The other day I asked for examples of practical post-rationality—changes in law or policy that happened because institutions have stopped assuming that people behave rationally. A number of people wrote in about instances of what Jon Elster calls “precommitment” or “self-binding”: Giving up some freedom now in order to improve your chances of sticking to a longer-term plan. Then, on Saturday, Jason Zweig in the Wall Street Journal described a real-world example of precommitment made easier by a post-rationalist model of the mind. Just showing Americans the math about the need to save for retirement, he notes, has failed to get them to give up money now for the future. But if they have seen a computer-generated image of themselves as they’ll look in old age, they’re more motivated to save.

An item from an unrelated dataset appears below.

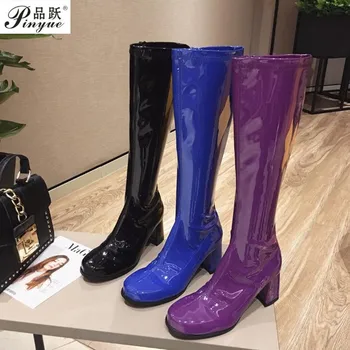 Boots High Chunky Heel Ladies Retro Shoes Women Square-Toe Knee High Chelsea Boots Fancy Dress Party boots 
Boots High Chunky Heel Ladies Retro Shoes Women Square-Toe Knee High Chelsea Boots Fancy Dress Party boots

Logical creatures with a good plan would, being logical, simply stick to it. Human beings know they might falter, and so create situations that make faltering impossible. Like (Elster points out) this. Or this Internet-blocking software, interestingly called Freedom. (The only freedom it offers is from the self.) Self-binding can be a rational decision to manage one’s future irrationality (like not carrying a credit card so that you can’t use it). Or the motivation to precommit can be irrational (like locking the liquor cabinet because you imagine you’d feel bad if your children see you drunk—even if that’s never happened, or even if your children don’t exist yet).
Either way, these are examples of individual self-management, not social policy. Institutions, unlike individuals, have behaved as if sweet reason were enough to make people stick to their plans.
It’s not. We’re innately inclined to value the bird in hand now over the two birds that experts predict we will get at some future then. Logically your future self is you, but in the real world, to quote Zweig’s lovely phrase, “we see our future selves as strangers.”
Hence the notion of using age-morphing software and Virtual Reality to motivate people where facts and logic fail. Zweig’s most high-tech example uses what Nick Yee and Jeremy N. Bailenson of Stanford and Nicolas Ducheneaut of the Palo Alto Research Center have dubbed the “Proteus Effect” (pdf) —people’s Virtual Reality avatars affect their behavior in their nonvirtual lives. Tall avatars, for instance, make people more confident, and gym-rat avatars seem to spur their owners to go to the real gym more often. In this study (pdf), Bailenson et al. found that people whose avatars use particular brands in VR are more likely to prefer those brands in their real embodied lives.
Here’s how Bailenson and his colleagues used the Proteus Effect to overcome the natural alienation people feel toward those strange creatures, their future selves. The researchers used age-morphing software to create avatars that are real-feeling older versions of some of their experimental volunteers. Those volunteers who saw their older selves in a virtual mirror (a VR device that caused the older self to mirror the movements of the volunteer) were willing to devote far more of their current earnings to retirement savings than were people who just saw their present-day selves, Bailenson and his colleagues found (pdf).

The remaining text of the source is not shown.